Dave Moore, Staff Writer
What can be done to stem the Great Resignation?
That was the question on the tops of the minds of human resources professionals from Accenture, Optimal Partners, Crowe LLP, and more than 40 other companies who attended the Sept. 14 Talent Attraction Talk held at the Dallas Regional Chamber’s downtown office.
Some possible solutions to the Great Resignation (the major uptick in the number of people quitting or switching jobs since April 2021) discussed at the meeting: Keep work arrangements flexible, hold off on back-to-work mandates, and be generous with personal acts of gratitude and praise.
The in-person event featured two relevant tools for HR pros. First, BGSF unveiled a national survey that showed a desire for greater latitude in work arrangements. Second, the DRC and Accenture announced their Diversity in Tech Hiring Toolkit, which includes case studies from companies that have successfully attracted and retained diverse, talented tech workforces. A panel discussion also covered tips on employee attraction and retention in light of the Great Resignation.
Nationwide feedback on returning to the workplace
“How many of you guys are being required to get back to your office?” she asked attendees, who largely raised their hands. “So (according to the BGSF survey), 29% are actively looking for a new job because they want to work remotely. That says a lot.”
In other words, the Great Resignation is now bumping up against a push to return to the office, and workers are casting their eyes elsewhere.
The desire to continue to work remotely is so great, according to the BGSF survey, that employees are willing to give up vacation time, and even pay, to continue the arrangement. Meanwhile, 42% of employers surveyed are requiring employees to return to the office.
“Are we self-generating this Great Resignation?” Burrough asked. “That is a question that we struggle with all the time.”
A panel made up of BGSF’s Janel Hunt, Brinker International’s Tammy Jones-Still, and Southern Methodist University’s Cox School of Business Managing Director Luigi Pecoraro generally agreed on the following points:
- Hybrid and flexible working arrangements vary among employers, but strongly appeal to prospective workers and help retain existing employees;
- A good relationship with immediate supervisors is crucial to retaining workers, and small acknowledgements, such as hand-written notes and an in-person thank-you for specific accomplishments, are key; and
- Along those lines, supervisors and employees need to work together to prioritize tasks and people, so they can agree upon which most urgent, and which can be handled later.
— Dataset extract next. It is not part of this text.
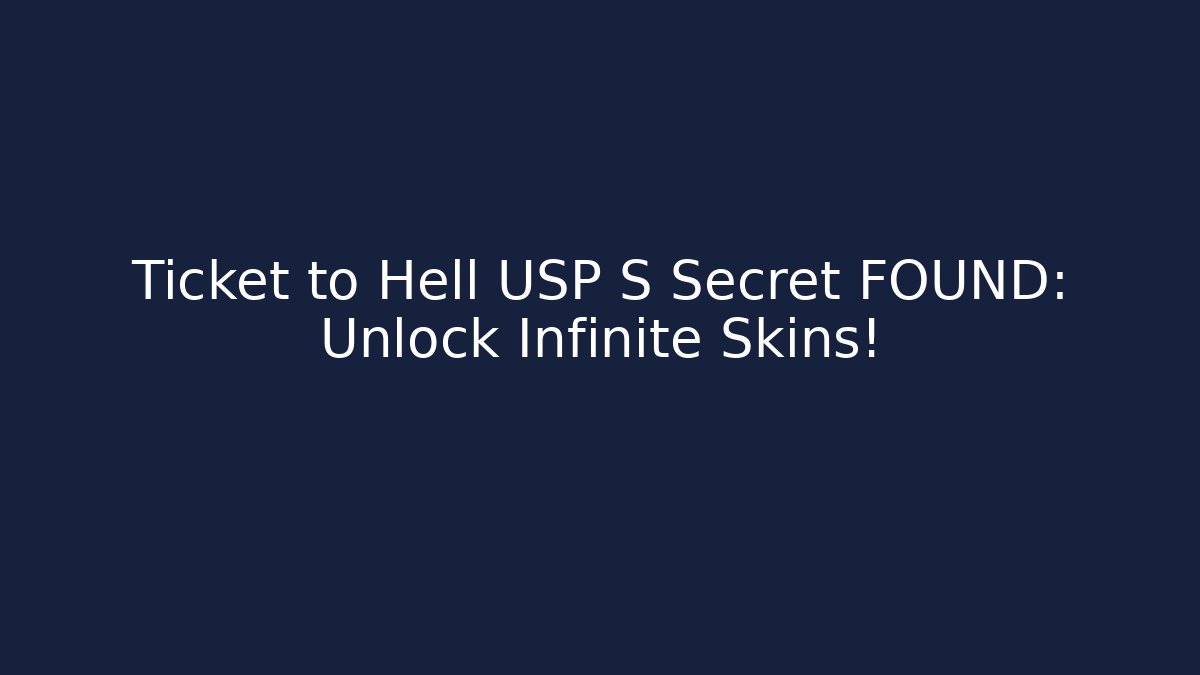 Ticket to Hell USP S Secret FOUND: Unlock Infinite Skins!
Accenture and the DRC launch Diversity in Tech Hiring Toolkit
Also at the Sept. 14 meeting, Accenture’s Jorge Corral and Sam Martinez, along with DRC Senior Vice President of DEI Jared Fitzpatrick, walked through the creation of a Diversity in Tech Hiring Toolkit and its applications.
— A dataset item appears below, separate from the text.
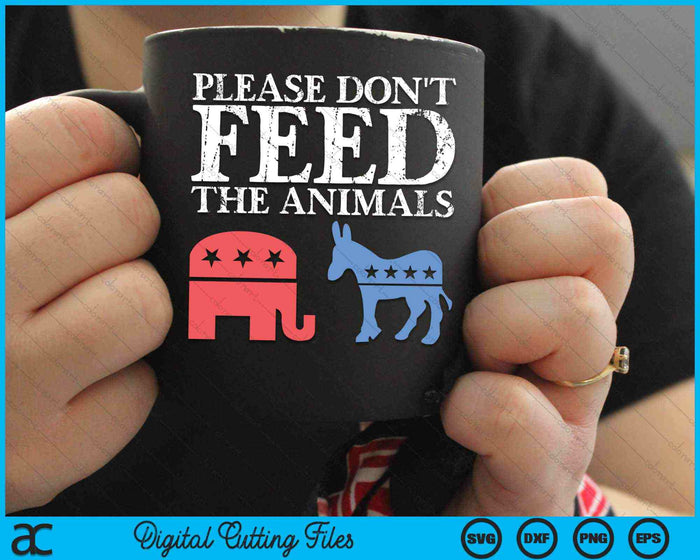 Por favor, no alimente a los animales libertarios SVG PNG archivos de corte digital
“Why it’s important for Dallas is that from a talent perspective, we have a talent shortage,” Corral told attendees, adding that mutual interest in attracting talent led Accenture and the DRC to build the toolkit. Corral is both a DRC board member and Accenture’s Dallas Office Managing Director.
Martinez, a strategy consultant at Accenture, explained that the toolkit includes successful case studies in diverse tech hiring from DRC partners including AT&T Inc., McKesson, and app developer Bottle Rocket.
As outlined in the toolkit’s executive summary, companies with diverse workforces are more likely to outperform their less-diverse competitors, and they must embrace changes in culture and incentives to reduce attrition.
The toolkit also provides sample metrics that allow companies to track – from recruitment to hiring to retention – diversity in their workforce.
Resources on the toolkit’s website also include a variety of professional networks, annual events, articles and reports on DEI hiring, and even skills development sites.
The site also states the case for diversifying tech hiring, and uses examples to debunk common misconceptions, Martinez said.
“We really wanted to understand exactly what the common misconceptions were, and why folks maybe don’t see this as a big enough imperative,” she said. “We wanted to give advocates the tools to debunk and deconstruct these misconceptions. You can actually click into these myths and see the rationale as to why that’s actually not the case.”
The Talent Attraction Talk was sponsored by BGSF and the Southern Methodist University Cox School of Business.